BEGIN

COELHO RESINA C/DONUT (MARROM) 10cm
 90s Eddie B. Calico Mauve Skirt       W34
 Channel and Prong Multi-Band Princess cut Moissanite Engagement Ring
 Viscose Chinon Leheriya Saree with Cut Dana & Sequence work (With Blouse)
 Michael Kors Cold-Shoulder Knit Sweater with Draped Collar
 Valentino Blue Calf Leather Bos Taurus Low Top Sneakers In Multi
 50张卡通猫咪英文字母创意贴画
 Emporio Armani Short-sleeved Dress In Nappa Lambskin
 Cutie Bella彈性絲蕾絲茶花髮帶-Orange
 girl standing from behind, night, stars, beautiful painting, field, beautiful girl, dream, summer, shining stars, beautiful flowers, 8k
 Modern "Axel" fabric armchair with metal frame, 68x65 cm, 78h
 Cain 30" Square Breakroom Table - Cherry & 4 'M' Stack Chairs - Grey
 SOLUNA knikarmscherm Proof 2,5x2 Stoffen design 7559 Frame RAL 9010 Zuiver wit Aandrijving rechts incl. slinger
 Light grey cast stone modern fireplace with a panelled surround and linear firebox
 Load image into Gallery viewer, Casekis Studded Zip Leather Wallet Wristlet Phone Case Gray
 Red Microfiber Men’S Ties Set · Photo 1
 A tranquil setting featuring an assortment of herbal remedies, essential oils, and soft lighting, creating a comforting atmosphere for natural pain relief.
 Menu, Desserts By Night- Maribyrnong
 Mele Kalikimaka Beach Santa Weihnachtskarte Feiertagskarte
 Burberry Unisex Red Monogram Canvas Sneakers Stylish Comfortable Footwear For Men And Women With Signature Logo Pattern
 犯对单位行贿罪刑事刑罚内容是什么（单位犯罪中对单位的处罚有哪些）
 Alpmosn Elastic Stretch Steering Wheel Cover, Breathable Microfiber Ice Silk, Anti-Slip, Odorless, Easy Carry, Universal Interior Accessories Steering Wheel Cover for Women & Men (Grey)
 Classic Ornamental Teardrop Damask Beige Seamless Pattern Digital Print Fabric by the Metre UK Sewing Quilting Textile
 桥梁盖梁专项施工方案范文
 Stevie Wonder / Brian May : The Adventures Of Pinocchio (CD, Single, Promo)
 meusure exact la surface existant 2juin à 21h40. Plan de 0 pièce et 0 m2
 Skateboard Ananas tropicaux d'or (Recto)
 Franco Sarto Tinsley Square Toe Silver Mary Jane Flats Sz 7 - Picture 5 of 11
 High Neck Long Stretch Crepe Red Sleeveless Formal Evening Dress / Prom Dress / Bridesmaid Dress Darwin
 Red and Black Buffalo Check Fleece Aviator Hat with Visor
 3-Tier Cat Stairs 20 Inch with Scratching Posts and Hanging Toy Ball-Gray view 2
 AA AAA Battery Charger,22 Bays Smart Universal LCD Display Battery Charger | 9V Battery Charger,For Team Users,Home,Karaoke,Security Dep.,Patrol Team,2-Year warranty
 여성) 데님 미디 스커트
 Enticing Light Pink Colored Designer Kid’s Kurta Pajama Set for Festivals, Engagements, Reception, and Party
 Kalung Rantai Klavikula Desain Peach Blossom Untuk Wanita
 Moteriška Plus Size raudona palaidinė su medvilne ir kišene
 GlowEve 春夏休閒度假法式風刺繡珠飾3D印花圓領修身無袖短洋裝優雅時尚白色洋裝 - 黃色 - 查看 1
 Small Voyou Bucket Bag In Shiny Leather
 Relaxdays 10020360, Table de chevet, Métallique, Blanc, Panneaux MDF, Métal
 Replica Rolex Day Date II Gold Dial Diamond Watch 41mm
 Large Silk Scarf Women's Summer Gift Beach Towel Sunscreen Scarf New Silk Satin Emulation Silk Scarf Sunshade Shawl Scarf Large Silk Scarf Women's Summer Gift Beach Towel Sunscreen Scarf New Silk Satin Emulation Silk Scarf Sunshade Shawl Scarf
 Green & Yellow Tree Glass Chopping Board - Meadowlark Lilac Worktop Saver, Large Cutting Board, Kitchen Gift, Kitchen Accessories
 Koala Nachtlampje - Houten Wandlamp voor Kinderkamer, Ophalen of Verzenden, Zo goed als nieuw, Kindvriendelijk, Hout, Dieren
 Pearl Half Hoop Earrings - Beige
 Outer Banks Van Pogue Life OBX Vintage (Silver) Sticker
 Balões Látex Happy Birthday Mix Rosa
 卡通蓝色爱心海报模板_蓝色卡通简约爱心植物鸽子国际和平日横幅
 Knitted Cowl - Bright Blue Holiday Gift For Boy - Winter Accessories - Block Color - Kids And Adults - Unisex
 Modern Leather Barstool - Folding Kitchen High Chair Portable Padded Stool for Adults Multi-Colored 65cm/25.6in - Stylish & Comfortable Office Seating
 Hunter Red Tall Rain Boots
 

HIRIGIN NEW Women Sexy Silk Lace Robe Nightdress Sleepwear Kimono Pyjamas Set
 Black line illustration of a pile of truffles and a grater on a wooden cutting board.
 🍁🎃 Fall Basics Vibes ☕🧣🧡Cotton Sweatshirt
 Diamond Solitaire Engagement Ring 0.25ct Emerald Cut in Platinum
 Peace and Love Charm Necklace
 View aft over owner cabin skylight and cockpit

END

-- Task directions --
Every line from the one holding "Black line illustration" through the last line of the listing above should be set down exactly, and nothing more.

-- Task result --
 Black line illustration of a pile of truffles and a grater on a wooden cutting board.
 🍁🎃 Fall Basics Vibes ☕🧣🧡Cotton Sweatshirt
 Diamond Solitaire Engagement Ring 0.25ct Emerald Cut in Platinum
 Peace and Love Charm Necklace
 View aft over owner cabin skylight and cockpit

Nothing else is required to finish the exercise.